Line integral around an ellipse

[shoplifter]

Homework Statement

What is \int_{\gamma} xy dx + x^2 dy in each of the following cases?

1. \gamma is the lower half of the curve 2x^2 + 3y^2 = 8, traveled from (2,0) to (-2,0).

2. \gamma is the full curve 2x^2 + 3y^2 = 8, traveled counterclockwise.

Homework Equations

The line integral formula, I suppose. The fact that the integral can be expressed as the dot product of the vector field (xy, x^2) with the unit tangent vector to the curve can also be helpful.

The Attempt at a Solution

I parametrized the curves for (1) and (2) in different ways, viz.

1. x = t, y = -2\sqrt{\frac{2}{3}\left(1 - \frac{t^2}{4}\right)}.

2. x = 2\cos{\theta}, y = 2\sqrt{2/3}\sin{\theta}.

Then standard integration rules, but I came up with 0 for both the answers. Am I correct?

 

[boboYO]

For no.1, the xy dx part is equal to 0, by symmetry: for every point (x,y) [which contributes xy dx] on the curve, there is another point (-x,y) [which contributes -xy dx] on the opposite side of the y axis. dx is always positive on this curve, so they cancel each other out.
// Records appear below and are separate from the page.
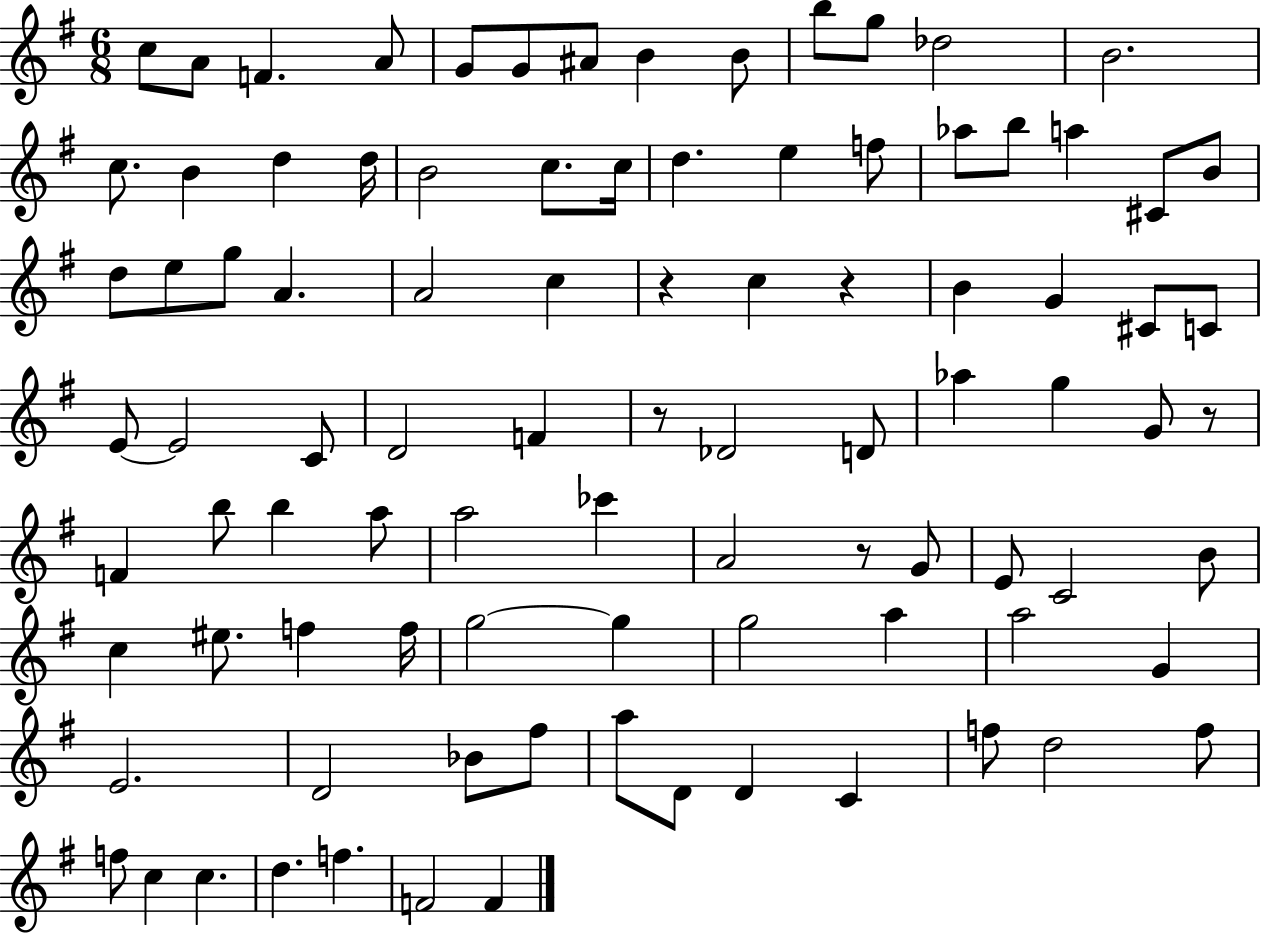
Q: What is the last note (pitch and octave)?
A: F4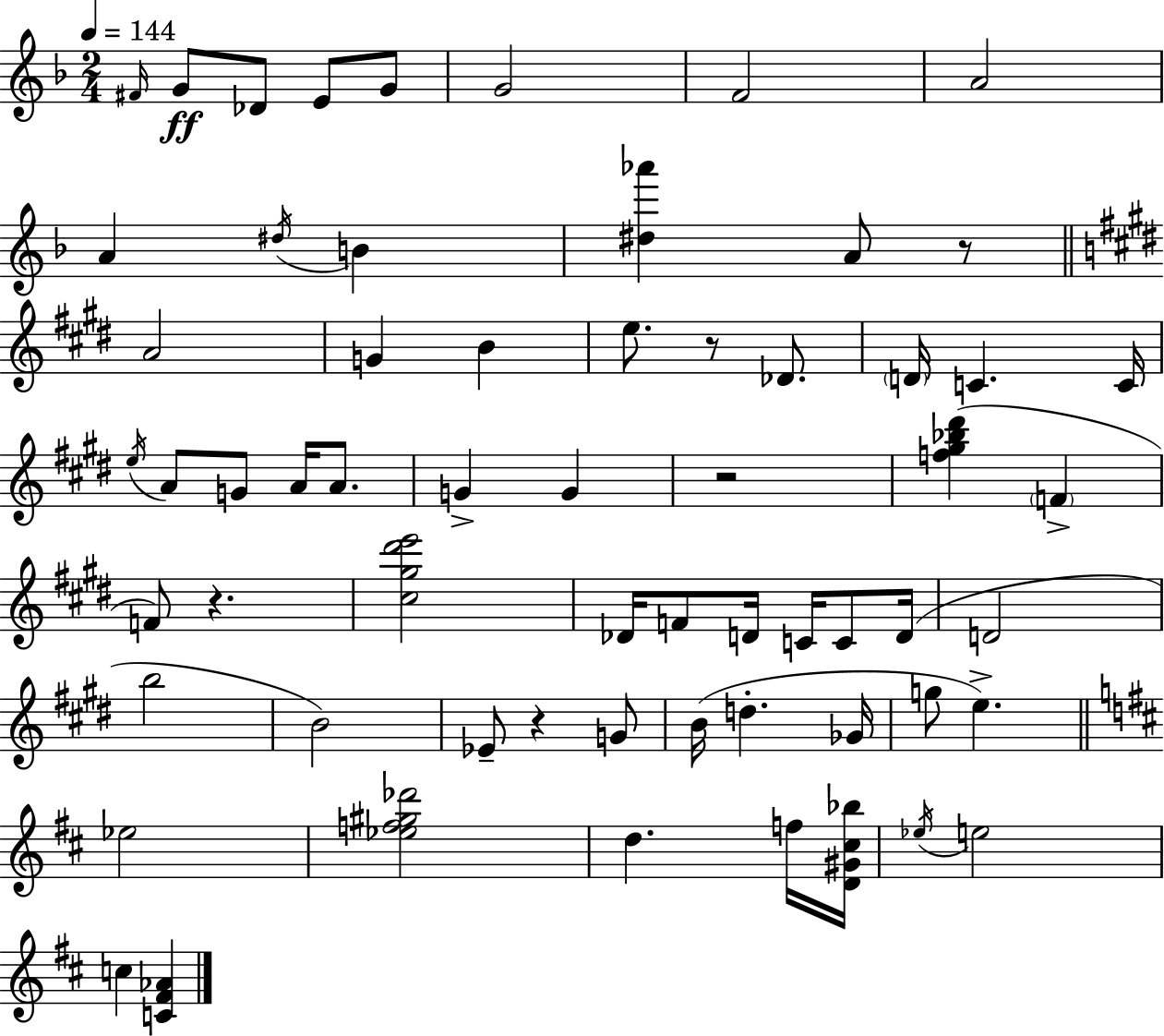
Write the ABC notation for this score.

X:1
T:Untitled
M:2/4
L:1/4
K:Dm
^F/4 G/2 _D/2 E/2 G/2 G2 F2 A2 A ^d/4 B [^d_a'] A/2 z/2 A2 G B e/2 z/2 _D/2 D/4 C C/4 e/4 A/2 G/2 A/4 A/2 G G z2 [f^g_b^d'] F F/2 z [^c^g^d'e']2 _D/4 F/2 D/4 C/4 C/2 D/4 D2 b2 B2 _E/2 z G/2 B/4 d _G/4 g/2 e _e2 [_ef^g_d']2 d f/4 [D^G^c_b]/4 _e/4 e2 c [C^F_A]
We can also see that the x^2 dy part is equal to 0: because for the first half of the curve, dy is negative, for the second half, dy is positive, while x^2 is positive and mirrored. so the first half cancels out the second half again.So 0 seems right.

2nd question follows easily from the first by splitting it up into 2 integrals: first around the bottom half and then around the top half of the ellipse. We already know from the first question that the bottom half = 0, and by symmetry the top half must be 0 too. 0+0=0.Symmetry arguments are good for checking your work.

 

[Altabeh]

Homework Statement

What is \int_{\gamma} xy dx + x^2 dy in each of the following cases?

1. \gamma is the lower half of the curve 2x^2 + 3y^2 = 8, traveled from (2,0) to (-2,0).

2. \gamma is the full curve 2x^2 + 3y^2 = 8, traveled counterclockwise.

Homework Equations

The line integral formula, I suppose. The fact that the integral can be expressed as the dot product of the vector field (xy, x^2) with the unit tangent vector to the curve can also be helpful.

The Attempt at a Solution

I parametrized the curves for (1) and (2) in different ways, viz.

1. x = t, y = -2\sqrt{\frac{2}{3}\left(1 - \frac{t^2}{4}\right)}.

2. x = 2\cos{\theta}, y = 2\sqrt{2/3}\sin{\theta}.

Then standard integration rules, but I came up with 0 for both the answers. Am I correct?

I checked your answers and they are correct. Here is a graphical analysis of the problem in both cases:
http://img30.imageshack.us/img30/8343/intego.jpg

AB

 

[Altabeh]

For no.1, the xy dx part is equal to 0, by symmetry: for every point (x,y) [which contributes xy dx] on the curve, there is another point (-x,y) [which contributes -xy dx] on the opposite side of the y axis. dx is always positive on this curve, so they cancel each other out.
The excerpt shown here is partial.